[pypy-commit] pypy fastjson: put a \0 sentinel at the end of the string: the cost of the string copy is neligible but this let us to avoid lots of eof() checks during the parsing. Also, relax the dependency on self.pos, and explicitly pass the current index around
antocuni
noreply at buildbot.pypy.org
Sun Jun 9 11:41:57 CEST 2013
Author: Antonio Cuni <anto.cuni at gmail.com>
Branch: fastjson
Changeset: r64834:f642cad5d507
Date: 2013-06-07 01:13 +0200
http://bitbucket.org/pypy/pypy/changeset/f642cad5d507/
Log: put a \0 sentinel at the end of the string: the cost of the string
copy is neligible but this let us to avoid lots of eof() checks
during the parsing. Also, relax the dependency on self.pos, and
explicitly pass the current index around
diff --git a/pypy/module/_fastjson/interp_decoder.py b/pypy/module/_fastjson/interp_decoder.py
--- a/pypy/module/_fastjson/interp_decoder.py
+++ b/pypy/module/_fastjson/interp_decoder.py
@@ -4,6 +4,7 @@
from pypy.interpreter.error import OperationError, operationerrfmt
from pypy.interpreter.gateway import unwrap_spec
from pypy.interpreter import unicodehelper
+from rpython.rtyper.annlowlevel import llstr, hlunicode
def is_whitespace(ch):
return ch == ' ' or ch == '\t' or ch == '\r' or ch == '\n'
@@ -88,62 +89,54 @@
def _raise(self, msg, *args):
raise operationerrfmt(self.space.w_ValueError, msg, *args)
- def decode_any(self):
- self.pos = self.skip_whitespace(self.pos)
- ch = self.peek()
+ def decode_any(self, i):
+ i = self.skip_whitespace(i)
+ ch = self.s[i]
if ch == '"':
- self.next()
- return self.decode_string()
+ return self.decode_string(i+1)
elif ch.isdigit() or ch == '-':
- return self.decode_numeric()
+ return self.decode_numeric(i)
elif ch == '[':
- self.next()
- return self.decode_array()
+ return self.decode_array(i+1)
elif ch == '{':
- self.next()
- return self.decode_object()
+ return self.decode_object(i+1)
elif ch == 'n':
- self.next()
- return self.decode_null()
+ return self.decode_null(i+1)
elif ch == 't':
- self.next()
- return self.decode_true()
+ return self.decode_true(i+1)
elif ch == 'f':
- self.next()
- return self.decode_false()
+ return self.decode_false(i+1)
else:
self._raise("No JSON object could be decoded: unexpected '%s' at char %d",
ch, self.pos)
- def decode_null(self):
- N = len('ull')
- if (self.pos+N <= len(self.s) and
- self.next() == 'u' and
- self.next() == 'l' and
- self.next() == 'l'):
+ def decode_null(self, i):
+ if (self.s[i] == 'u' and
+ self.s[i+1] == 'l' and
+ self.s[i+2] == 'l'):
+ self.pos = i+3
return self.space.w_None
- self._raise("Error when decoding null at char %d", self.pos)

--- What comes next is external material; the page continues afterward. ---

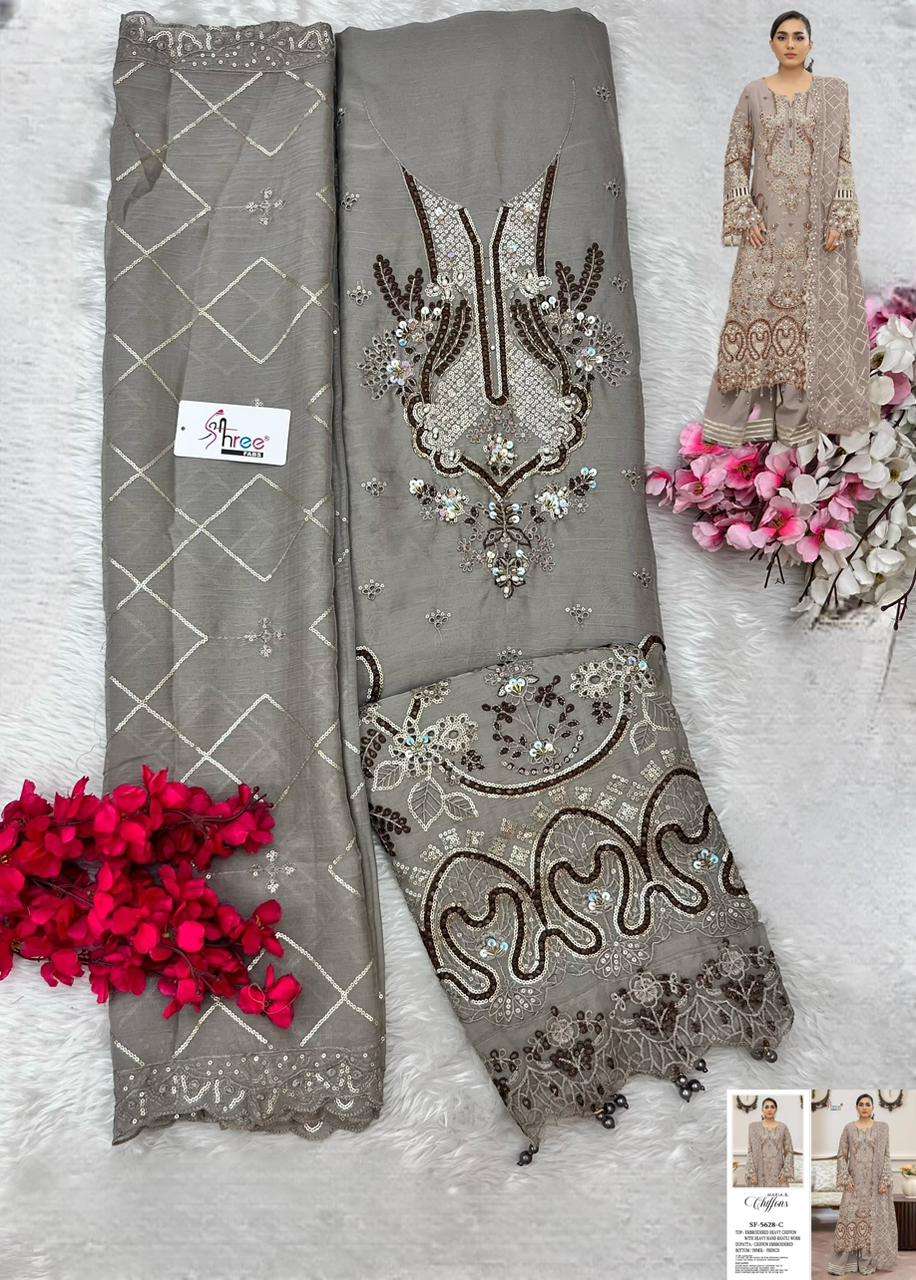 MARIA B. CHIFFONS D.NO. SF - 5628 BY SHREE FABS - 03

+ self._raise("Error when decoding null at char %d", i)
- def decode_true(self):
- N = len('rue')
- if (self.pos+N <= len(self.s) and
- self.next() == 'r' and
- self.next() == 'u' and
- self.next() == 'e'):
+ def decode_true(self, i):
+ if (self.s[i] == 'r' and
+ self.s[i+1] == 'u' and
+ self.s[i+2] == 'e'):
+ self.pos = i+3
return self.space.w_True
- self._raise("Error when decoding true at char %d", self.pos)
+ self._raise("Error when decoding true at char %d", i)
- def decode_false(self):
- N = len('alse')
- if (self.pos+N <= len(self.s) and
- self.next() == 'a' and
- self.next() == 'l' and
- self.next() == 's' and
- self.next() == 'e'):
+ def decode_false(self, i):
+ if (self.s[i] == 'a' and
+ self.s[i+1] == 'l' and
+ self.s[i+2] == 's' and
+ self.s[i+3] == 'e'):
+ self.pos = i+4
return self.space.w_False
- self._raise("Error when decoding false at char %d", self.pos)

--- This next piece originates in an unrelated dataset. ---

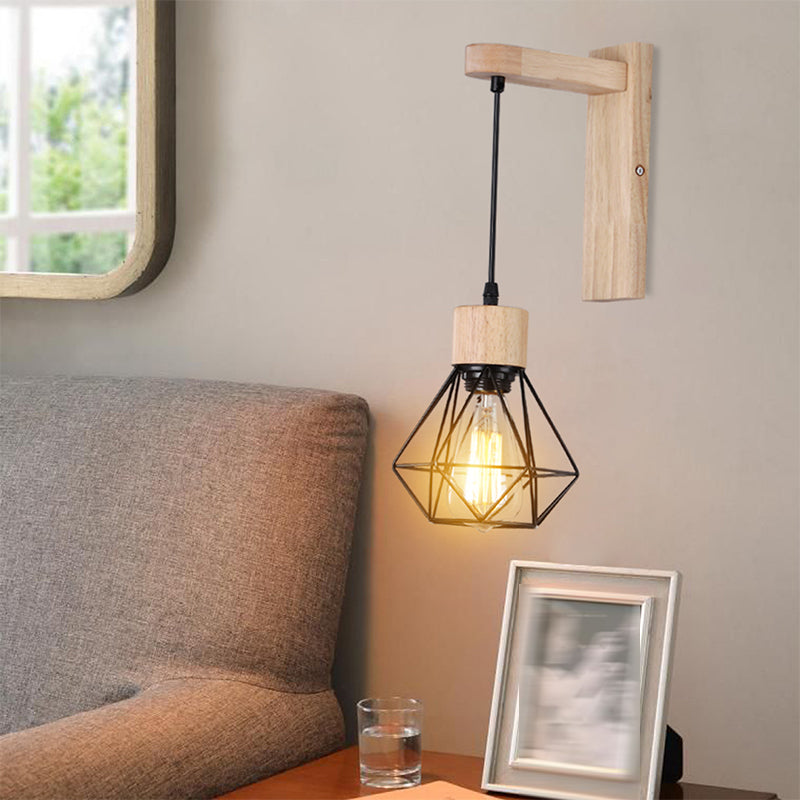 Metallic Shade Wall Lamp Modern Wall Light Sconce for Bedroom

+ self._raise("Error when decoding false at char %d", i)
- def decode_numeric(self):
+ def decode_numeric(self, i):
+ self.pos = i
intval = self.parse_integer()
#
is_float = False
@@ -201,22 +194,20 @@
self.pos = i
return intval, count
- def decode_array(self):
+ def decode_array(self, i):
w_list = self.space.newlist([])
- start = self.pos
+ start = i
+ count = 0
i = self.skip_whitespace(start)
while i < len(self.s):
ch = self.s[i]
if ch == ']':
self.pos = i+1
return w_list
- self.pos = i
- w_item = self.decode_any()
+ w_item = self.decode_any(i)
i = self.pos
self.space.call_method(w_list, 'append', w_item)
i = self.skip_whitespace(i)
- if i == len(self.s):
- break
ch = self.s[i]
i += 1
if ch == ']':
@@ -230,35 +221,34 @@
self._raise("Unterminated array starting at char %d", start)

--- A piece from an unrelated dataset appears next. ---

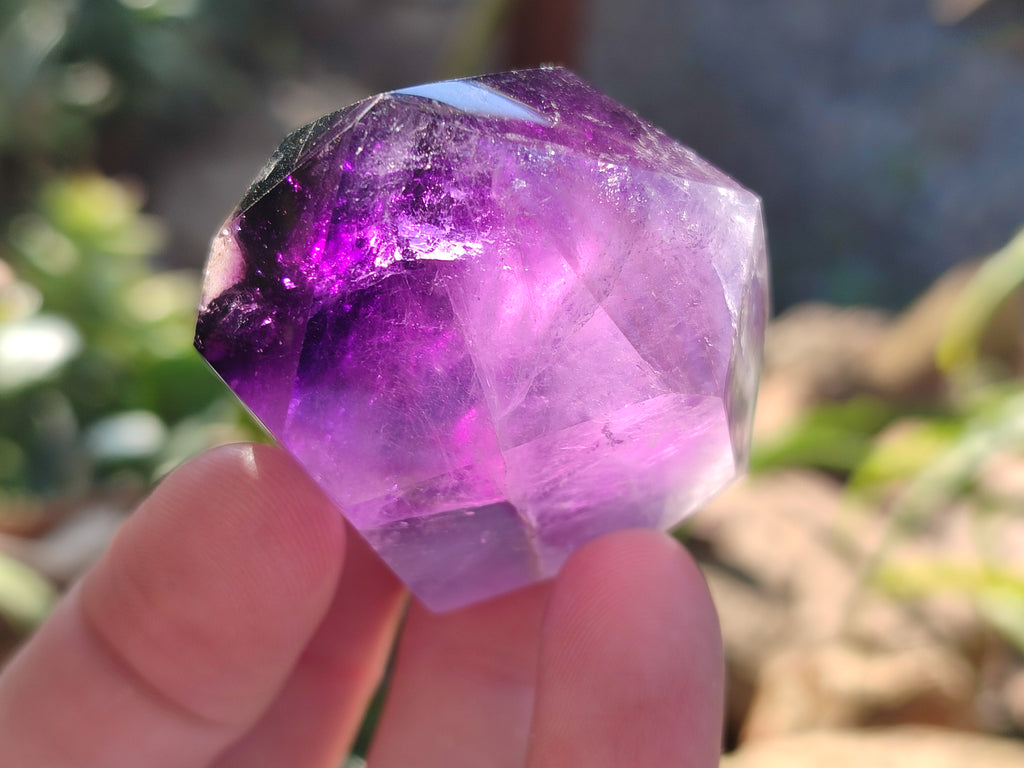 Polished Mixed Quartz Crystals with a Specular Hematite Inclusion Quartz x 6 from Madagascar - Toprock Gemstones and Minerals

- def decode_object(self):
- start = self.pos
+ def decode_object(self, i):
+ start = i
w_dict = self.space.newdict()
- while not self.eof():
- ch = self.peek()
+ while i < len(self.s):
+ ch = self.s[i]
if ch == '}':
- self.next()
+ self.pos = i+1
return w_dict
#
# parse a key: value
self.last_type = TYPE_UNKNOWN
- w_name = self.decode_any()
+ w_name = self.decode_any(i)
if self.last_type != TYPE_STRING:
self._raise("Key name must be string for object starting at char %d", start)
- self.pos = self.skip_whitespace(self.pos)
- if self.eof():
- break
- ch = self.next()
+ i = self.skip_whitespace(self.pos)
+ ch = self.s[i]
if ch != ':':
- self._raise("No ':' found at char %d", self.pos)
- self.pos = self.skip_whitespace(self.pos)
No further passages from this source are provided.